(Short web captions)
────

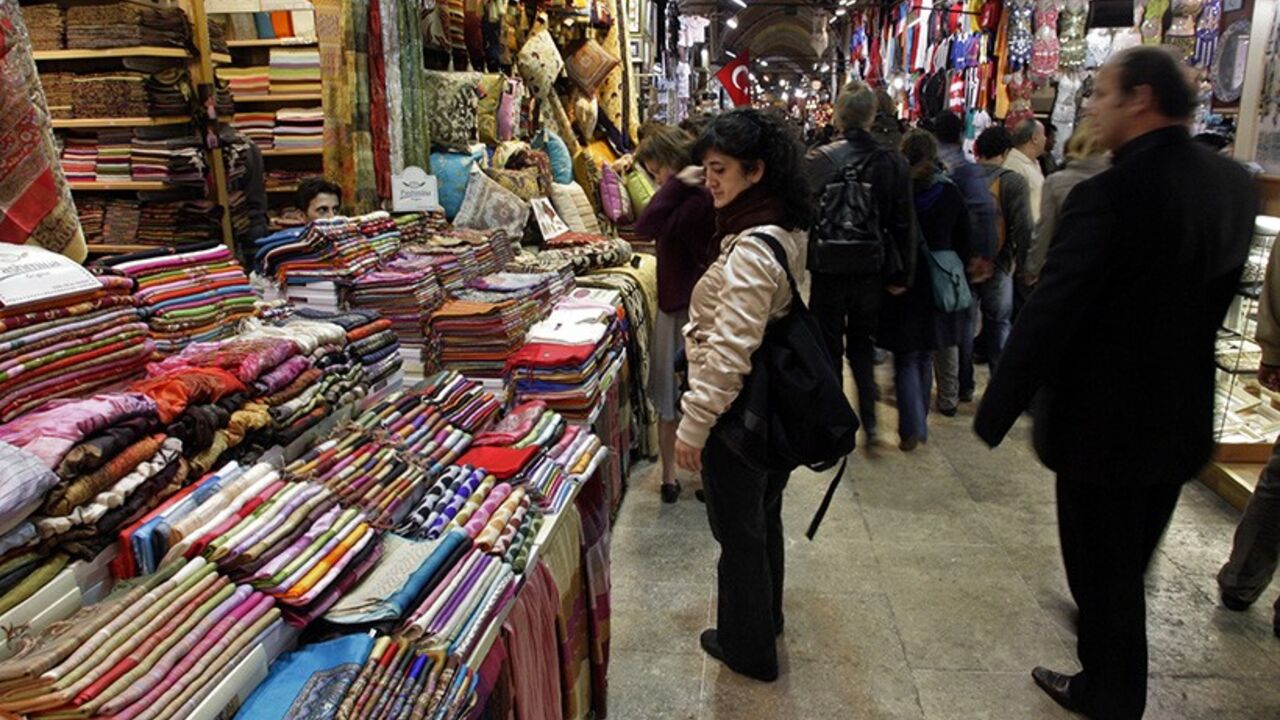 TURKEY-MALLS/ Shoppers walk in Grand Bazaar in Istanbul April 26, 2008. For hundreds of years Istanbul has lured intrepid travellers in search of the exotic carpets, jewelry and fabrics which filled the ancient alleways of the city's Grand Bazaar. Istanbul's shops are now more likely to entice customers with the wares of Nike, Samsung and GAP as shopping malls sprout across the city at a dizzying pace - a phenomenom which strikingly illustrates Turkey's emerging prosperity. To match Feature TURKEY-MALLS/ REUTERS/Osman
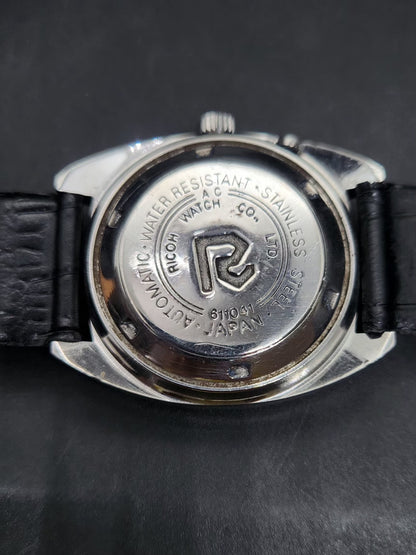 Vintage Ricoh R31 Automatic Black Face New Strap 21 Jewels Day-Date Men's Wrist Watch AS38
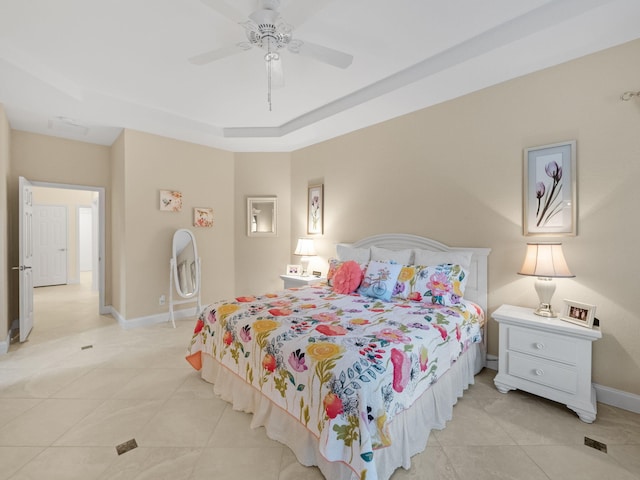 tiled bedroom with ceiling fan and a raised ceiling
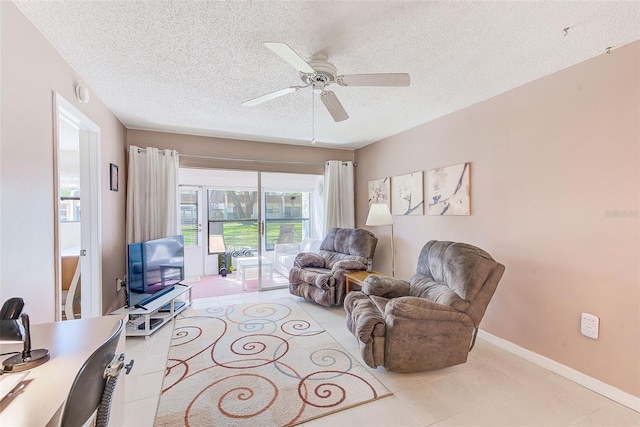 living area with a ceiling fan, tile patterned flooring, a textured ceiling, and baseboards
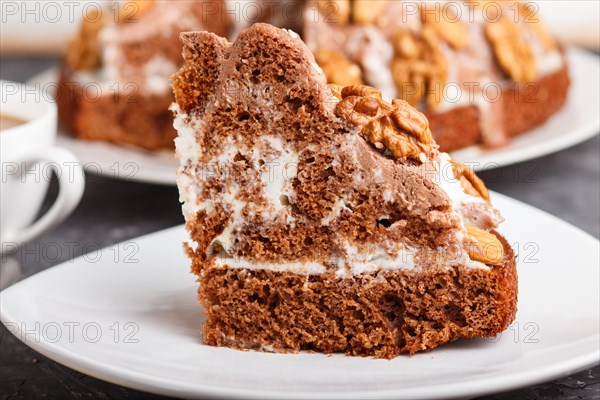 Homemade cake with milk cream, cocoa, almond, hazelnut on a black concrete background and a cup of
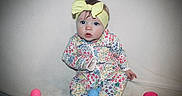 Brynlee is registered to the contest to win money with this photo: baby, blue_eyes, child, colorful, curious, cute, floral_pattern, headband, indoor, infant, neutral_background, onesie, pastel_colors, plastic_eggs, playtime, portrait, sitting, soft_texture, yellow, young_child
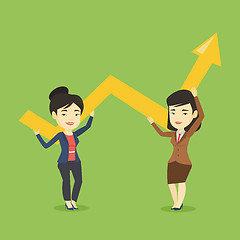 Image showing Two business women holding growth graph.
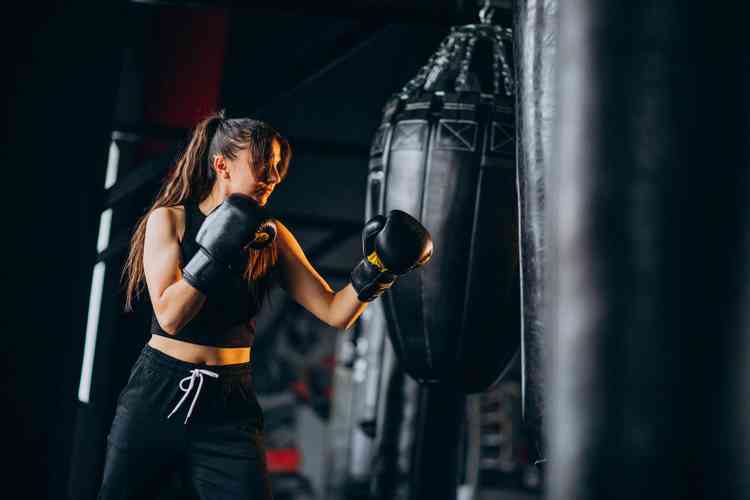 Mulher lutando boxer na academia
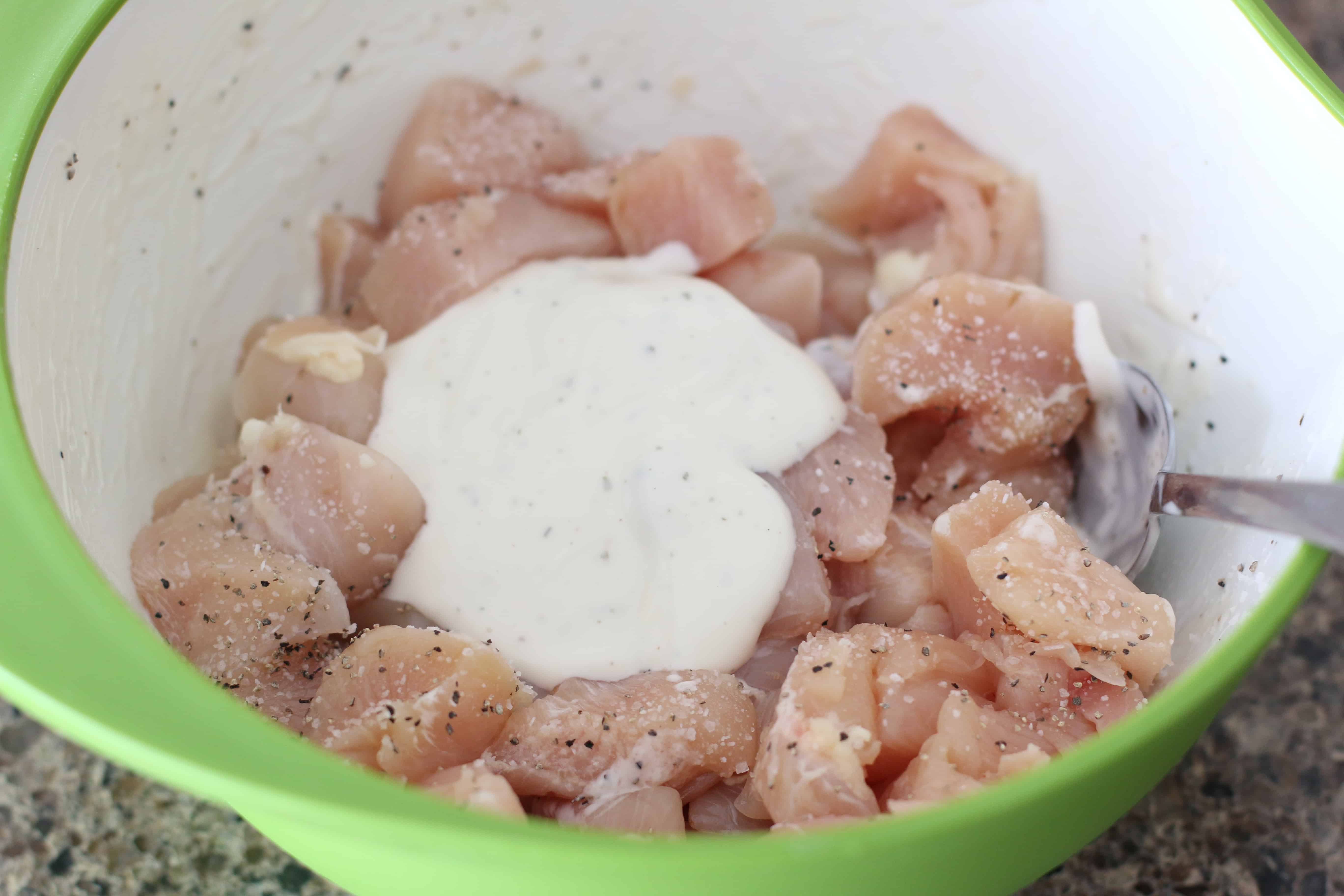 diced chicken breasts, ranch dressing, salt and pepper in a bowl with a spoon.
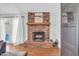 Inviting living room showcasing a traditional brick fireplace and hardwood floors at 10943 W Alice Ave, Peoria, AZ 85345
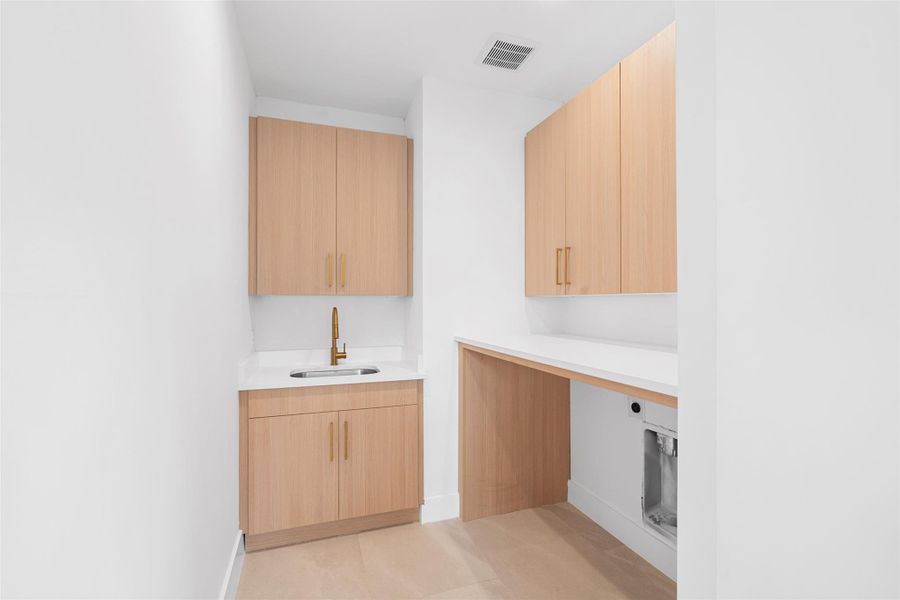 Well-appointed utility area featuring light wood cabinetry with gold-toned hardware, a white countertop, and a utility sink with a gold-toned faucet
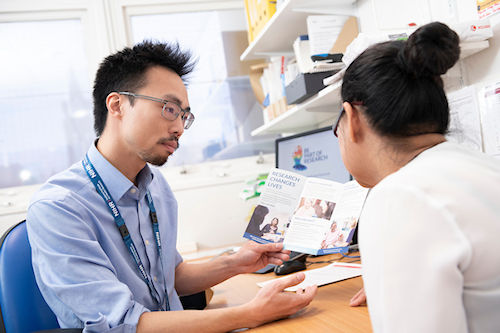 Doctor discussing research with a colleague Doctor discussing research with a colleague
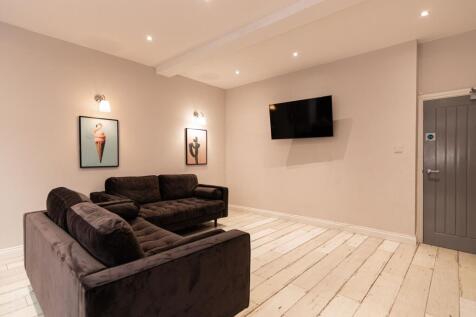 Contemporary living room with two plush dark so...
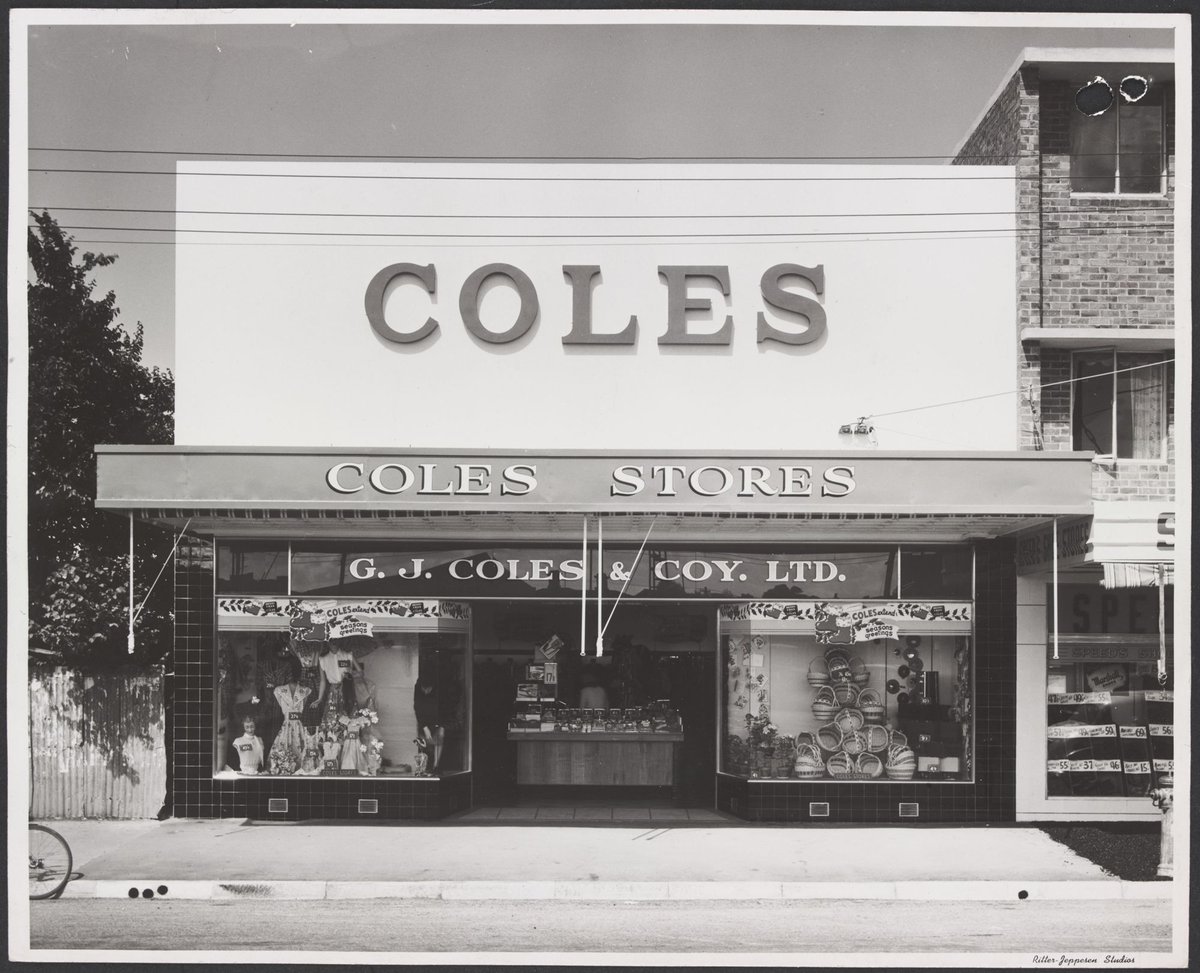 Shopfront window displays featuring women's clothing and cane baskets and decorated with Christmas greetings Mentone Store No. 181 (1953)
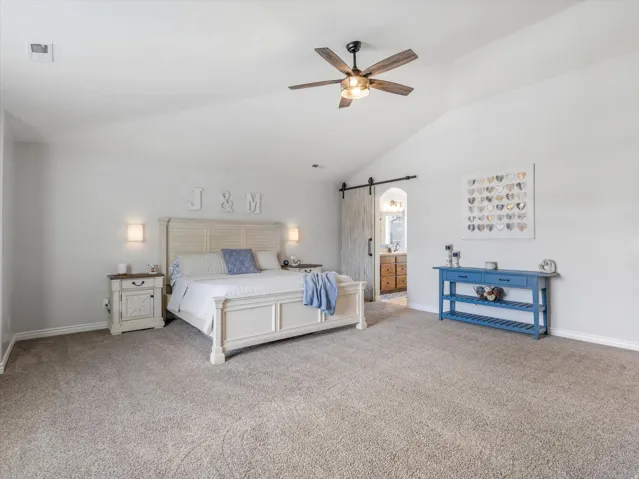 Spacious room featuring vaulted ceilings, a ceiling fan with light fixture, wall-mounted sconce lighting, and a barn door entry to an additional space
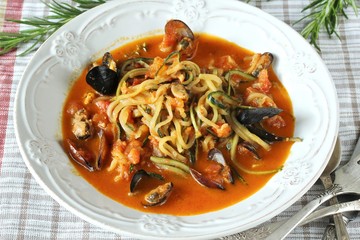 zucchini spaghetti with mussels in tomato sauce in a beautiful bright plate. keto pasta. Low-Carb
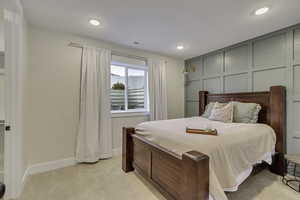 Bedroom featuring light colored carpet, a decorative wall, and recessed lighting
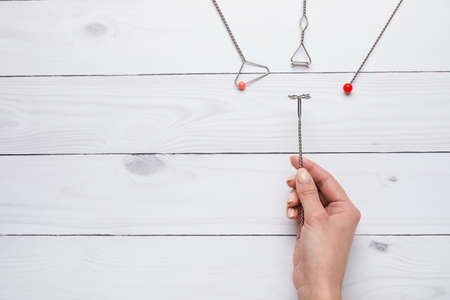 Female hand and logopedic tools for speech correction on white wooden backgroundの写真素材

────

## Problem to work on
Lines starting at the one with "Contemporary living room" and ending at the last line of the entries above must be restated word for word, with pictures omitted.

## Answer area
 Contemporary living room with two plush dark so...
 Shopfront window displays featuring women's clothing and cane baskets and decorated with Christmas greetings Mentone Store No. 181 (1953)
 Spacious room featuring vaulted ceilings, a ceiling fan with light fixture, wall-mounted sconce lighting, and a barn door entry to an additional space
 zucchini spaghetti with mussels in tomato sauce in a beautiful bright plate. keto pasta. Low-Carb
 Bedroom featuring light colored carpet, a decorative wall, and recessed lighting
 Female hand and logopedic tools for speech correction on white wooden backgroundの写真素材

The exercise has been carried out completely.